Cook Inletkeeper, along with the Coalition and Alaska Center for the Environment, requested the hearing. They objected to aspects of DNR’s analyses, such as including only coho salmon and using only dock prices to quantify the value of the entire Chuitna watershed.
PacRim spokesmen have argued for years that they can restore the salmon habitat after all the coal is extracted. PacRim data show that the first phase alone would remove and dewater 20 square miles of salmon habitat, dig down 300 feet and discharge seven million gallons of mine waste a day into the Chuitna River. The total project calls for extracting 12 million tons of low-grade coal per year for 25 years.
Dave Schade, DNR’s Water Resources Section Chief, agreed that the water rights decision is precedent setting, and that it comes down to “saying yes to one applicant, and no to the other.”
The hearing is scheduled for Aug. 21 at the U.S. Federal Building Annex in Anchorage. DNR’s Ed Fogels said a decision is expected on or before Oct. 9.
Two Alaskans will not be able to vote on cutting halibut bycatch when the North Pacific Fishery Management Council convenes the week of June 1 in Sitka. Council members Simon Kinneen of Nome and David Long of Wasilla are recused from voting due to financial conflicts of interest. Kinneen is vice president and quota and acquisitions manager for the Norton Sound Economic Development Corp.; Long is a Captain and Fish Master for Glacier Fish Company.
Both will be able to participate in deliberations as the 11-member council (seven from Alaska counting the National Marine Fisheries Service Alaska Region representative) grapples with reducing the more than 6-million pound halibut bycatch allowance in Bering Sea groundfish fisheries by up to 50 percent.
North Pacific Processors is poised to put pen to paper and purchase Inlet Fish of Kenai and Kasilof. Seafood.com reports that John Garner, chief operating officer of North Pacific, confirmed last week that the company is “in advanced talks to purchase Inlet Fish.” Inlet buys and processes salmon from Cook Inlet, Prince William Sound and the Yukon-Kuskokwim Rivers.
The purchase would expand North Pacific’s processing plants to seven, including at Kodiak, Bristol Bay and Southeast Alaska.

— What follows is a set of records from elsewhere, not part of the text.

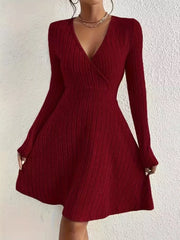 Burgundy ribbed wrap mini dress with long sleeves and V-neck.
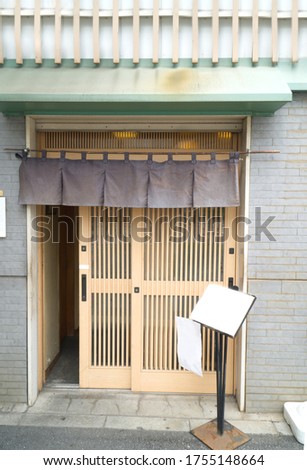 Traditional Japanese restaurants and shops style front view, curtain old fabric hangs in  front and on top of Japanese wooden slide door. The white banner paper on the stand for advertisement,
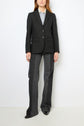 Person wearing a black veste rayée pinstripe blazer, light blue shirt, and dark gray wide-leg trousers, standing against a plain white background. Look channels un esprit tailleur. Face is partially out of frame.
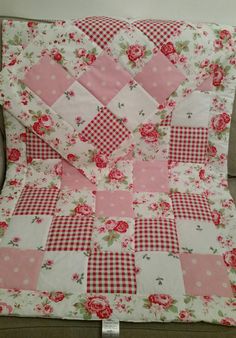 a pink and white patchwork quilt with roses on the front, sitting on a couch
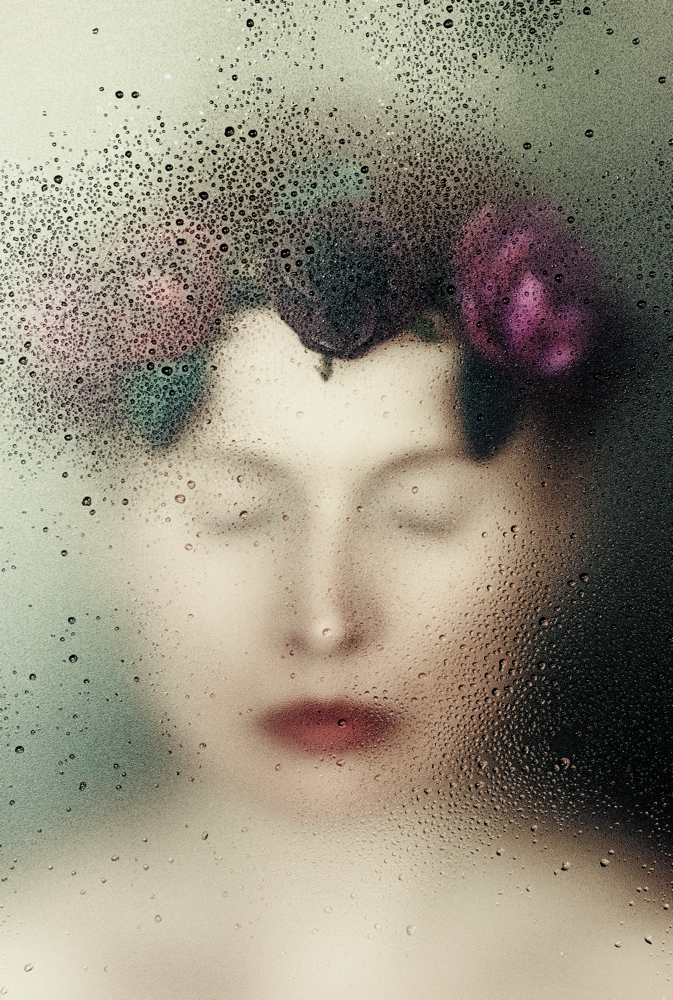 Manuela Deigert Bildsprache verträumtes Selbstportrait mit Blumenkranz hinter einer nassen Scheibe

Garner said he is “optimistic about the future of Alaska salmon.”
Likewise, Alaskan-owned Cannon Fish Company opens its doors last weekend in Kent, Wash. The company was purchased in 2013 by the Aleutian Pribilof Island Community Development Association, or APICDA, one of six western Alaska Community Development Quota, or CDQ, corporations. The CDQ program gives a percentage of all Bering Sea/Aleutian Islands fishing quotas to regional communities to enhance economic opportunities.
Cannon Fish is a high-end seafood processing and marketing company started in 1991 that caters to a nationwide network of retailers, restaurants, and specialty grocers. Most of the fish processed at Cannon is caught by fishing families from six Aleutian Island villages, said Larry Cotter, APICDA chief executive officer.

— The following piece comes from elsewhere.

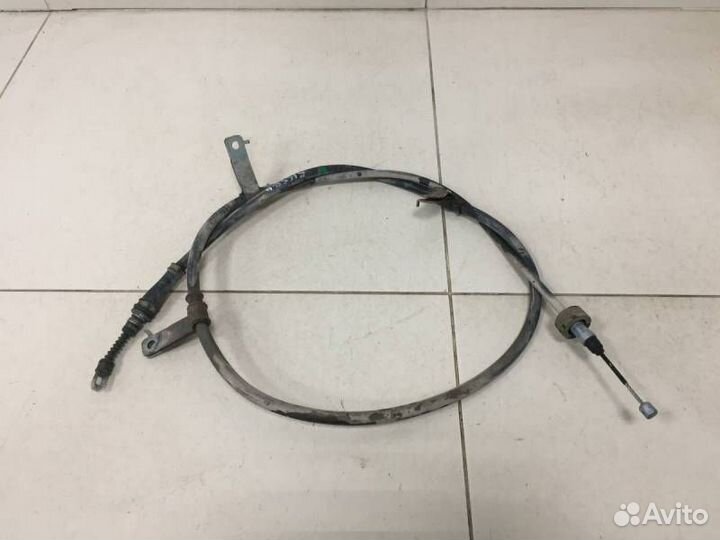 Трос стояночного тормоза левый Kia Cerato YD 2013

“It ties directly to our Alaska processing plants, Atka Pride Seafoods in Atka and Bering Pacific Seafoods at False Pass,” he added.
Off the radar
The appointment of U.S. Air Force veteran Bob Mumford to the state Board of Fisheries came as a surprise to most Alaskans. Gov. Bill Walker announced the news on May 20, crediting Mumford’s “vast range of experience in multiple fields as a commercial pilot, hunting instructor and state trooper, which has taken him all over the state.” Mumford, who lives in Anchorage, is a retired U.S. Fish and Wildlife trooper, worked for 18 years on sport and commercial fishing enforcement and also has served on the state Board of Game.